Mortgage Protection and Life Assurance ARE the same thing. 

Its the critical illness cover that is in issue. You do not need it for your mortgage. Your broker may be pushing it but you are the only ones who know if you want it. 

So why not take out your life cover now and review whether you want an additional policy for critical illness cover in due course. 

mf


----------



## NorfBank (21 Aug 2008)

Not exactly.
Mortgage protection will pay off your mortgage on death and is the most basic protection required when taking out a mortgage. Protection decreases as mortgage decreases.
Life assurance will pay out a lump sum when you die. Level protection for the term of the policy.
You can review your policy in 6 months time if you like but you may have to assign this to your lender. Make sure a new policy is in place before cancelling old.


----------



## ClubMan (21 Aug 2008)

NorfBank said:


> Not exactly.
> Mortgage protection will pay off your mortgage on death and is the most basic protection required when taking out a mortgage. Protection decreases as mortgage decreases.
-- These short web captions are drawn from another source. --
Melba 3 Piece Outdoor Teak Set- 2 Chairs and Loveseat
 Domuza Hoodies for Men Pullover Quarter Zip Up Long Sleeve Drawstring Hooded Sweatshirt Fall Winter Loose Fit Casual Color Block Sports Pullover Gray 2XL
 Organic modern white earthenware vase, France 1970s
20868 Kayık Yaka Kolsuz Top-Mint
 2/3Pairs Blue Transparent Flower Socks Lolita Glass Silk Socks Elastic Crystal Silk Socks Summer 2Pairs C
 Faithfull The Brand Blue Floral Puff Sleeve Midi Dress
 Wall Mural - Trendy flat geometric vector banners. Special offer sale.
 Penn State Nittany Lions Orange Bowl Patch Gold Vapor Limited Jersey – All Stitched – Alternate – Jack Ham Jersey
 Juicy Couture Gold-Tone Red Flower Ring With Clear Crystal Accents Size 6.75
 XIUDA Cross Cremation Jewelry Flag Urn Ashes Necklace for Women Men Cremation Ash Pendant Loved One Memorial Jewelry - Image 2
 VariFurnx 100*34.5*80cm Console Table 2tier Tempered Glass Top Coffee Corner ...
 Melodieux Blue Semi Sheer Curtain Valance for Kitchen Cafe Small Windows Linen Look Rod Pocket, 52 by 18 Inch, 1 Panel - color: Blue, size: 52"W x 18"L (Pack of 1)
Not necessarily - e.g. level/convertible term policies.

Mortgage Protection and Mortgage Repayment Protection Policies


----------



## StevieC (22 Aug 2008)

Mortgage Protection cover will work out cheaper for you in the short term. While it can be argued that Term Life and Serious Illness cover is a better policy, we all know that many new home owners and especially first time buyers face a lot of bills and every penny can count.

There is nothing to stop you reviewing your situation down the tracks but as the previous poster mentioned you will need to take out a new policy and have it assigned to your lender before cancelling the old one.

The only charge you might face for this was if you received a commission rebate from your broker and you cancelled the policy in the first year, then they may ask for a proportionate amount of the rebate back. Other than that, there should be no charges. You should double check the brokers terms of business letter to confirm this though.


----------



## ClubMan (22 Aug 2008)

Personally I would almost always keep mortgage protection life assurance and general life assurance and related cover (e.g. _PHI/CI _salary protection etc.) separate. And just go for the most basic cover for the mortgage (cheap decreasing term policy).


----------



## RS2K (22 Aug 2008)

ClubMan said:


> Personally I would almost always keep mortgage protection life assurance and general life assurance and related cover (e.g. _PHI/CI _salary protection etc.) separate. And just go for the most basic cover for the mortgage (cheap decreasing term policy).



Agreed. Assign a basic minimum cost policy to satisfy your lenders interest. You personal insurances should be kept separate.


----------



## ClubMan (22 Aug 2008)

Oh - I presume that you are expecting your broker to do the legwork and get you the best deal on the most suitable mortgage, mortgage protection life assurance etc. but if they are trying to upsell then I would wonder about why they are doing this and would consider sanity checking things by shopping around independently just to see what you get elsewhere.


----------